Use Amazon SageMaker Ground Truth to Label Data - Amazon SageMaker

Use Amazon SageMaker Ground Truth to Label Data

To train a machine learning model, you need a large, high-quality, labeled dataset. Ground Truth helps you build high-quality training datasets for your machine learning models. With Ground Truth, you can use workers from either Amazon Mechanical Turk, a vendor company that you choose, or an internal, private workforce along with machine learning to enable you to create a labeled dataset. You can use the labeled dataset output from Ground Truth to train your own models. You can also use the output as a training dataset for an Amazon SageMaker model.

Depending on your ML application, you can choose from one of the Ground Truth built-in task types to have workers generate specific types of labels for your data. You can also build a custom labeling workflow to provide your own UI and tools to workers labeling your data. To learn more about the Ground Truth built in task types, see Built-in Task Types. To learn how to create a custom labeling workflow, see Creating Custom Labeling Workflows.

In order to automate labeling your training dataset, you can optionally use automated data labeling, a Ground Truth process that uses machine learning to decide which data needs to be labeled by humans. Automated data labeling may reduce the labeling time and manual effort required. For more information, see Automate Data Labeling. To create a custom labeling workflow, see Creating Custom Labeling Workflows.

Use either pre-built or custom tools to assign the labeling tasks for your training dataset. A labeling UI template is a webpage that Ground Truth uses to present tasks and instructions to your workers. The SageMaker console provides built-in templates for labeling data. You can use these templates to get started , or you can build your own tasks and instructions by using our HTML 2.0 components. For more information, see Creating Custom Labeling Workflows.

Use the workforce of your choice to label your dataset. You can choose your workforce from:

  • The Amazon Mechanical Turk workforce of over 500,000 independent contractors worldwide.

  • A private workforce that you create from your employees or contractors for handling data within your organization.

  • A vendor company that you can find in the AWS Marketplace that specializes in data labeling services.

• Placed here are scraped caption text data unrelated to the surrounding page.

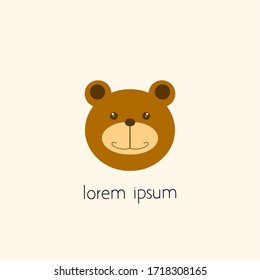 bear logo, simple logo design for your business.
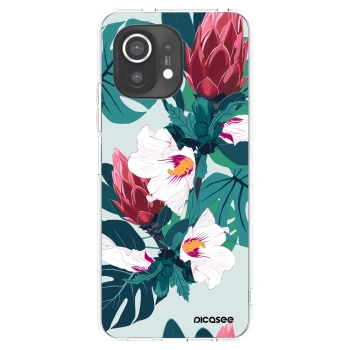 Picasee husă transparentă din silicon pentru Xiaomi Mi 11 - Rhododendron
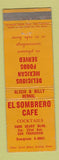 Matchbook Cover - El Sombrero Cafe San Francisco CA Mexican WEAR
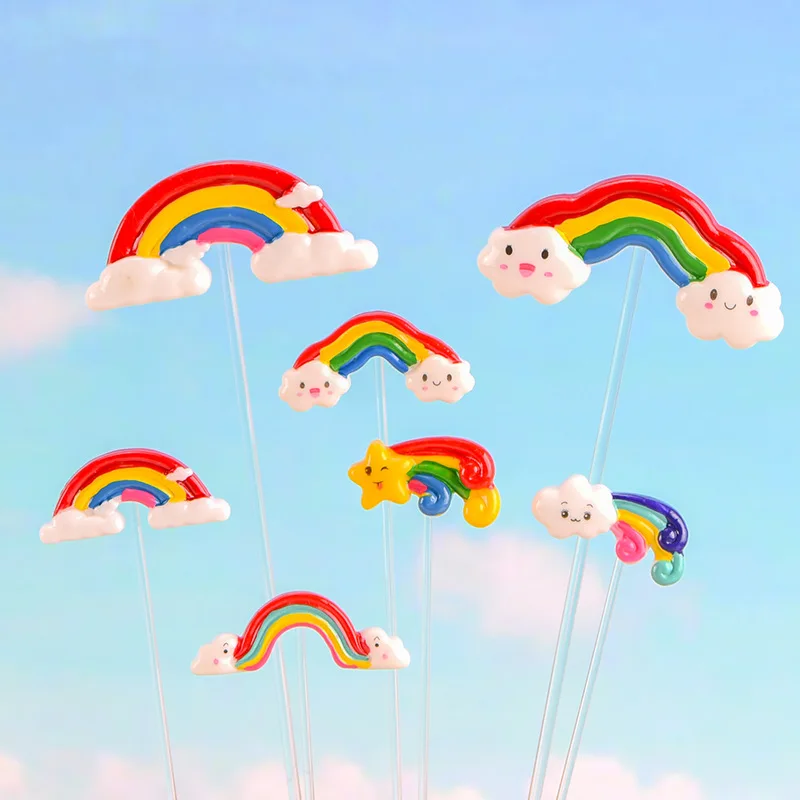 5Pcs Fairy Garden Miniatures Kawaii Candy Color Rainbow Resin Flat back Cabochons for Hair Bow Center Phone Decoration DIY
5Pcs Fairy Garden Miniatures Kawaii Candy Color Rainbow Resin Flat back Cabochons for Hair Bow Center Phone Decoration DIY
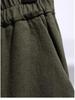 Plus Size Women's Sports Joggers, Elastic Waist, Loose Fit for 130-320 Jin, Spring/Autumn Long Pants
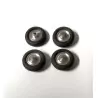4 roues complètes ø15.50 mm - à monter - Laiton, alu et résine soup...
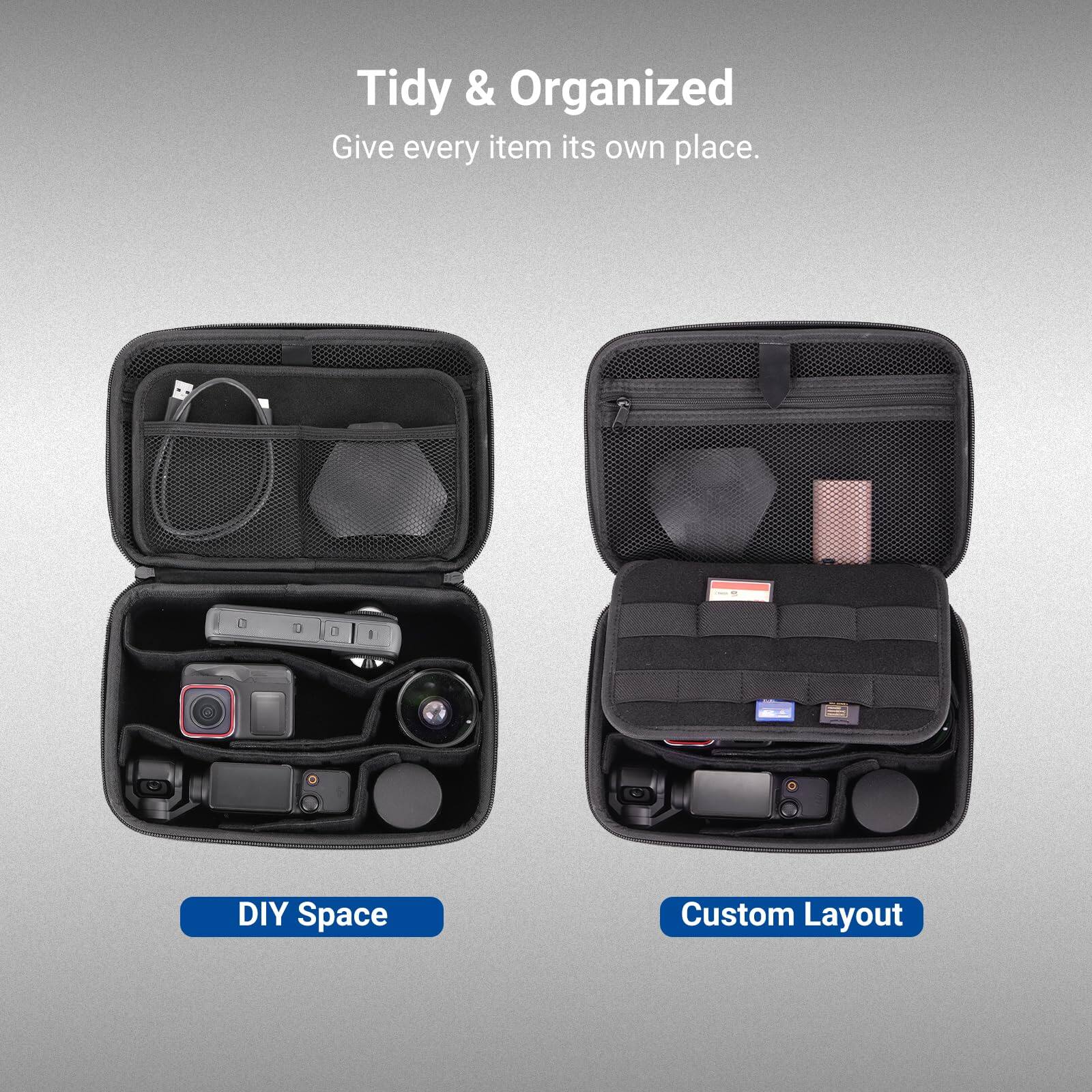Tidy & Organized  
Give every item its own place.

DIY Space

Custom Layout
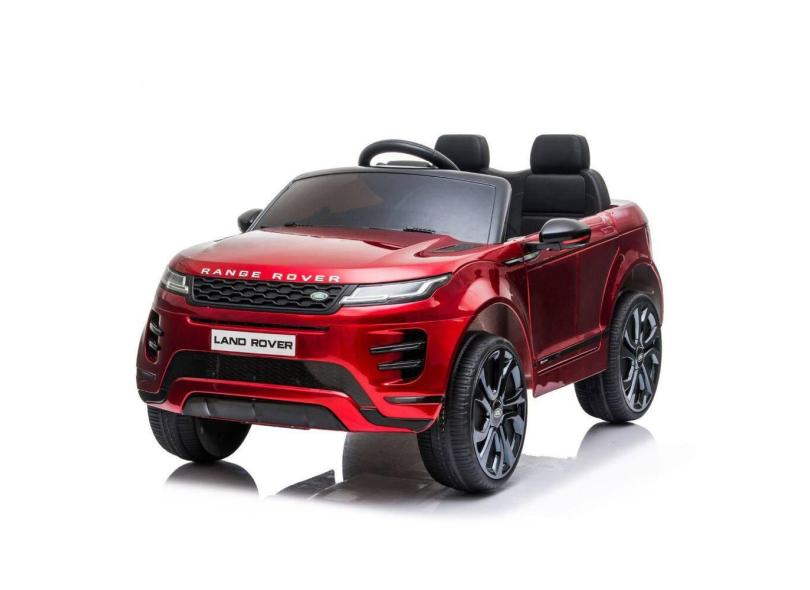 Mini Carro Elétrico Infantil Criança 12V Land Rover Evoque Controle Remoto Vermelho Brinqway BW-128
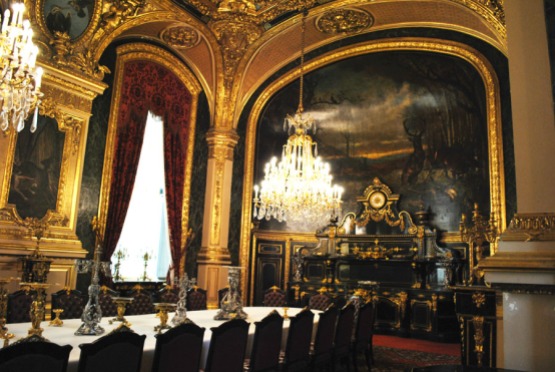 Napoleon III Apartments Dining Room in the Louvre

For more information, see Create and Manage Workforces.

You store your datasets in Amazon S3 buckets. The buckets contain three things: The data to be labeled, an input manifest file that Ground Truth uses to read the data files, and an output manifest file. The output file contains the results of the labeling job. For more information, see Use Input and Output Data.

Events from your labeling jobs appear in Amazon CloudWatch under the /aws/sagemaker/LabelingJobs group. CloudWatch uses the labeling job name as the name for the log stream.

Are You a First-time User of Ground Truth?

If you are a first-time user of Ground Truth, we recommend that you do the following:

  1. Read Getting started—This section walks you through setting up your first Ground Truth labeling job.

  2. Explore other topics—Depending on your needs, do the following:

    • Explore built-in task types— Use built-in task types to streamline the process of creating a labeling job. See Built-in Task Types to learn more about Ground Truth built-in task types.

    • Manage your labeling workforce—Create new work teams and manage your existing workforce. For more information, see Create and Manage Workforces.

    • Learn about streaming labeling jobs— Create a streaming labeling job and send new dataset objects to workers in real time using a perpetually running labeling job. Workers continuously receive new data objects to label as long as the labeling job is active and new objects are being sent to it. To learn more, see Ground Truth Streaming Labeling Jobs.

  3. See the Reference—This section describes operations to automate Ground Truth operations.